* _Problem to solve_:
The lines to copy run from the one containing "Offerta a tempo: KTC" to the very end of the records; give them exactly, and only them, without pictures.

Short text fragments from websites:
--

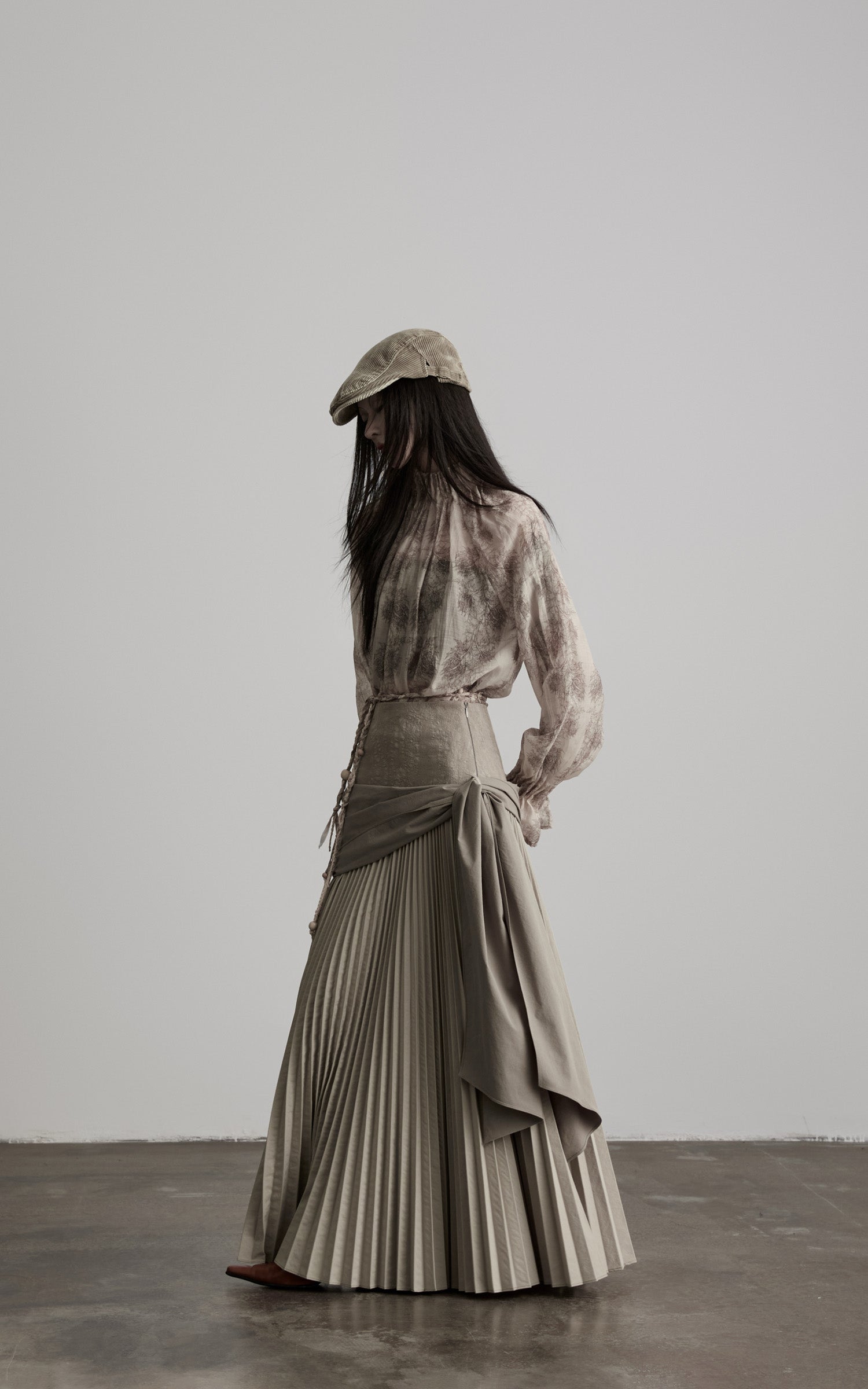 DOINDULGE Draped Pleated Layered Long Skirt
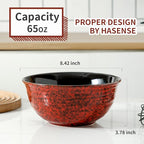 Hasense Ceramic Salad Bowl, 60 Ounces Large Serving Bowls, 8.5 Inch Soup Bowls Set of 2, Pasta Bowls for Ramen, Pho, Fruit, Housewarming, Wedding Gifts, Microwave Dishwasher Safe, Red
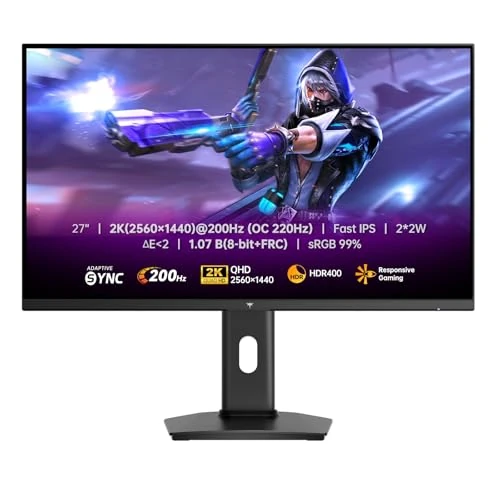 Offerta a tempo: KTC Monitor Gaming 27 Pollici QHD 2560×1440, 200Hz (OC 210Hz), Fast IPS, 1ms GTG, HDR400, Adaptive Sync, Colori 10 Bit, Supporto Regolabile in Altezza, 2 × DP 1.4, 2 × HDMI 2.0 - 5% da 152.99 € a 145.34 €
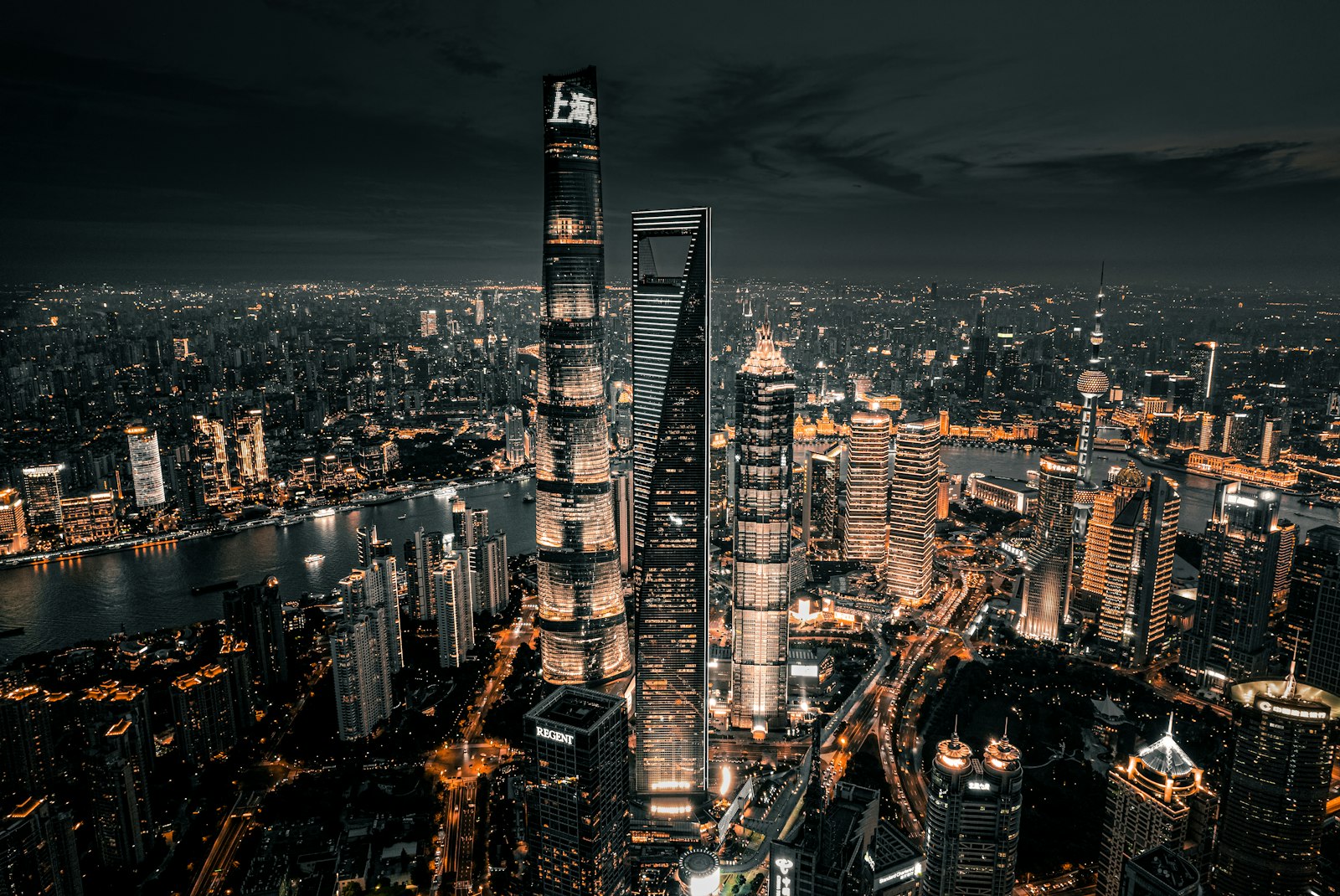 Shanghai skyline at night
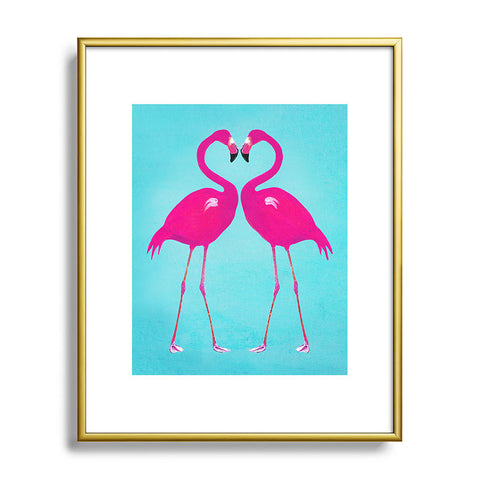 Coco de Paris Flamingo heart Metal Framed Art Print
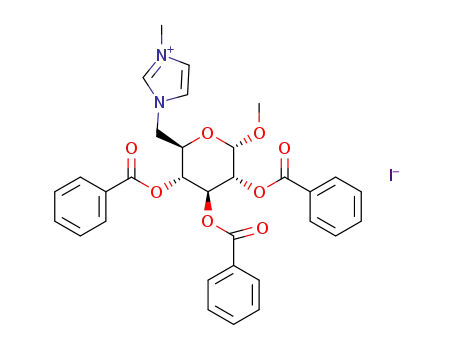 1-methyl-3-(methyl 2,3,4-tri-O-benzoyl-6-deoxy-α-D-glucopyrano-6-yl)imidazolium iodide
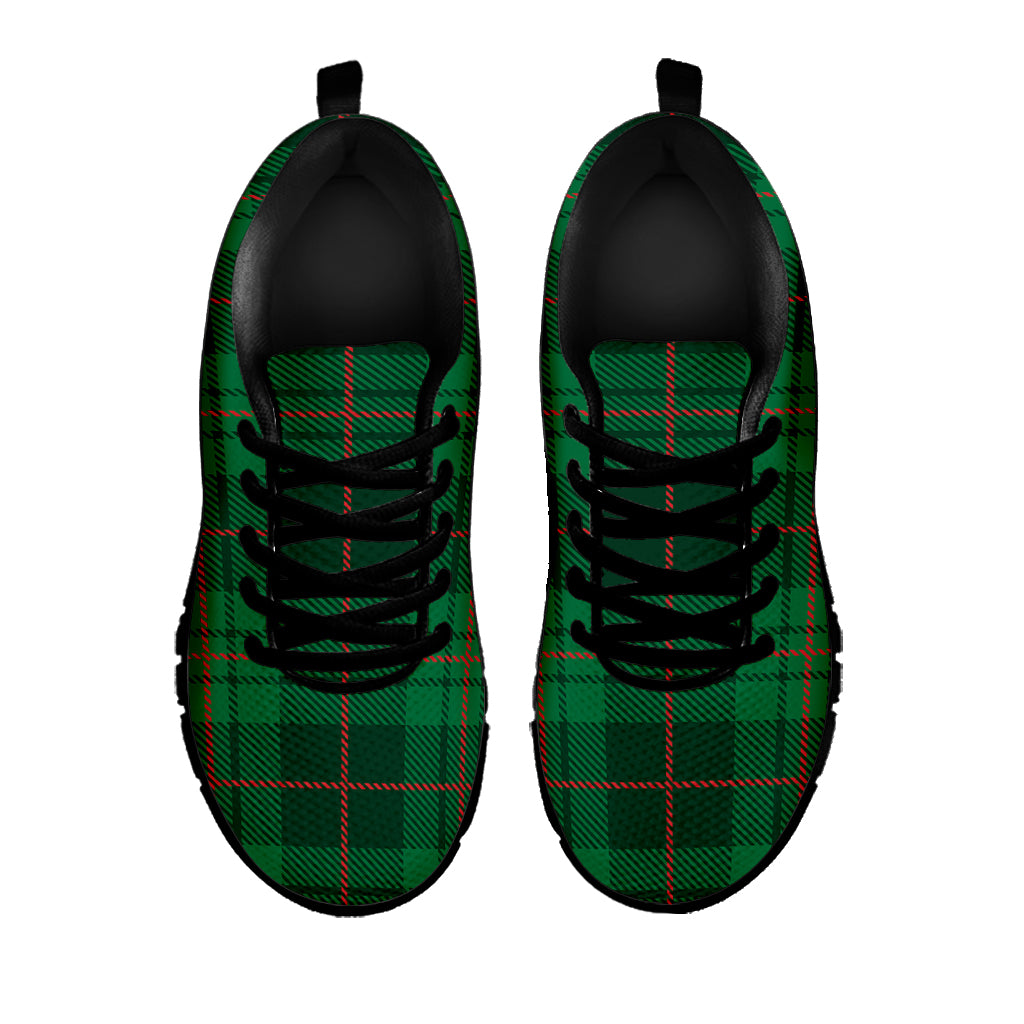 Green And Red Stewart Tartan Print Black Sneakers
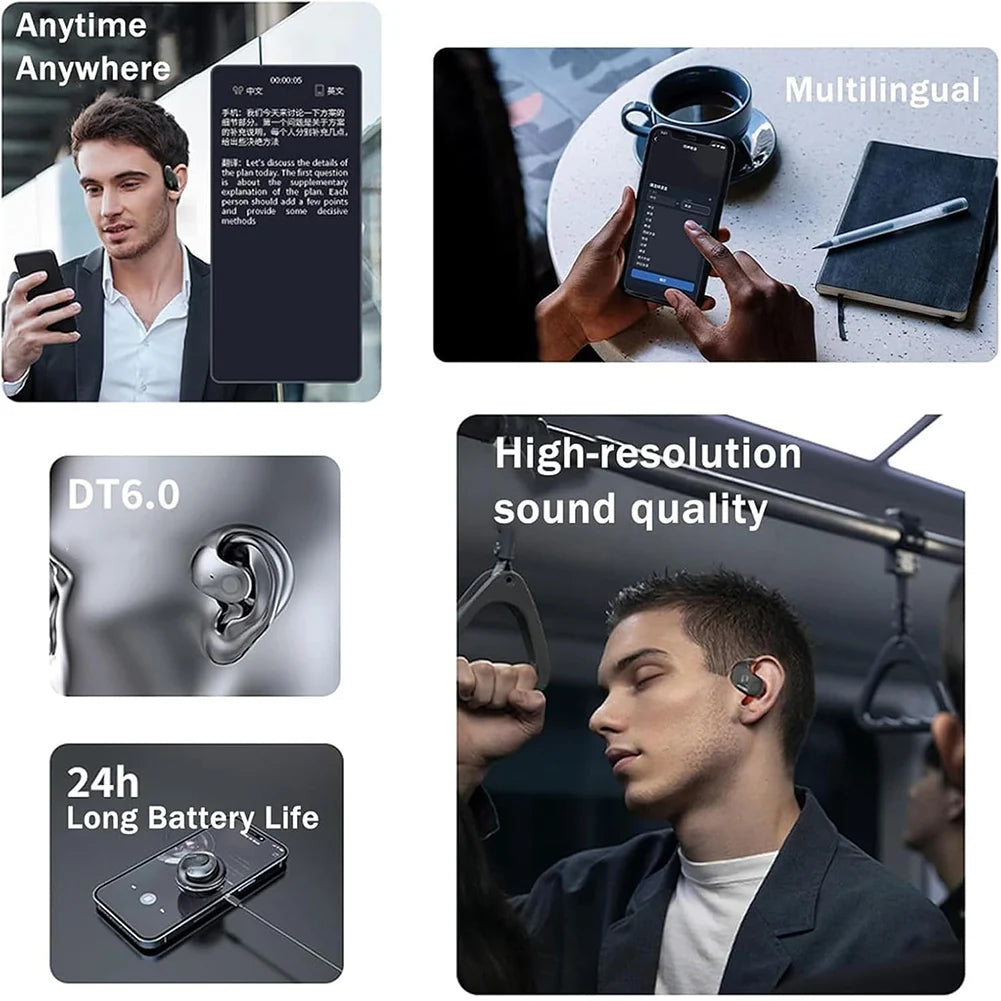 114 Languages Translator Earbuds High Accuracy Real Time Translators Headphones Wireless BT Translation Earphones for Travelers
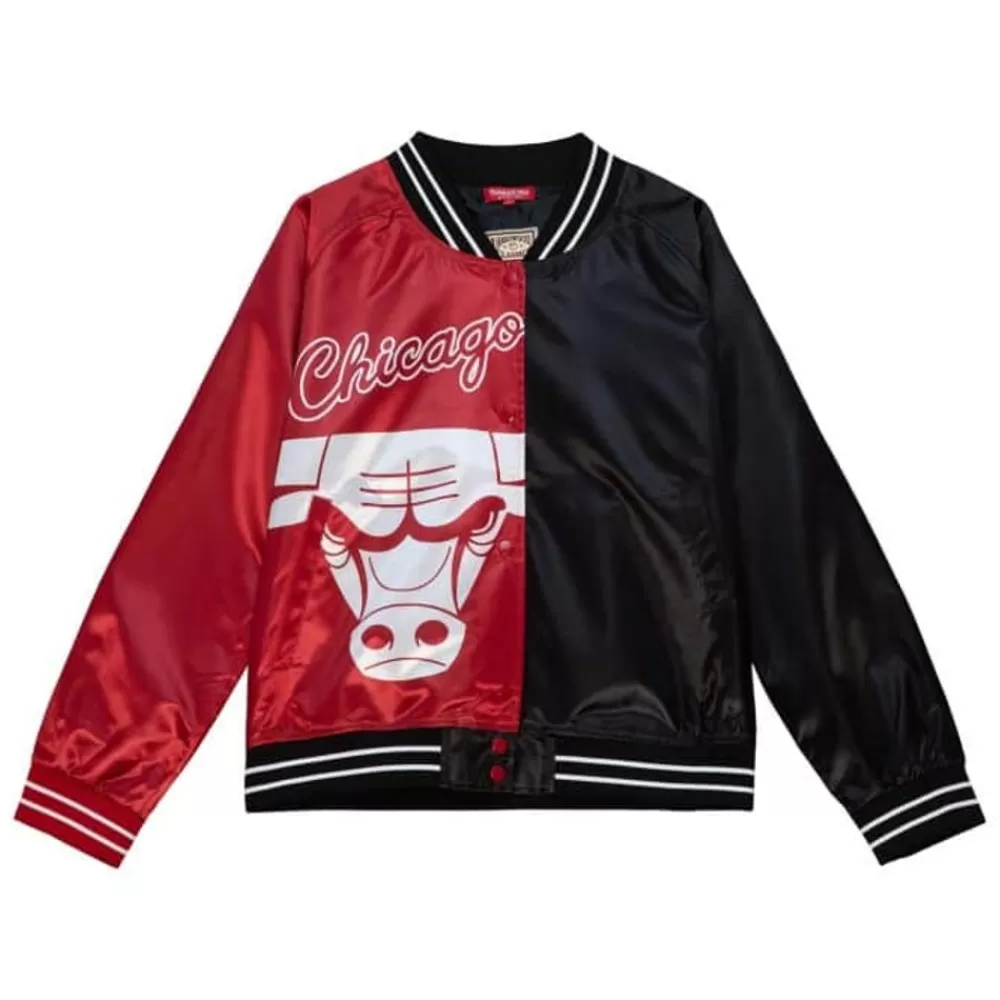 Apparel Mitchell & Ness Jackets & Outerwear-Womens Big Face Satin Jacket 5.0 Chicago Bulls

--

* _Reply_:
 Offerta a tempo: KTC Monitor Gaming 27 Pollici QHD 2560×1440, 200Hz (OC 210Hz), Fast IPS, 1ms GTG, HDR400, Adaptive Sync, Colori 10 Bit, Supporto Regolabile in Altezza, 2 × DP 1.4, 2 × HDMI 2.0 - 5% da 152.99 € a 145.34 €
 Shanghai skyline at night
 Coco de Paris Flamingo heart Metal Framed Art Print
 1-methyl-3-(methyl 2,3,4-tri-O-benzoyl-6-deoxy-α-D-glucopyrano-6-yl)imidazolium iodide
 Green And Red Stewart Tartan Print Black Sneakers
 114 Languages Translator Earbuds High Accuracy Real Time Translators Headphones Wireless BT Translation Earphones for Travelers
 Apparel Mitchell & Ness Jackets & Outerwear-Womens Big Face Satin Jacket 5.0 Chicago Bulls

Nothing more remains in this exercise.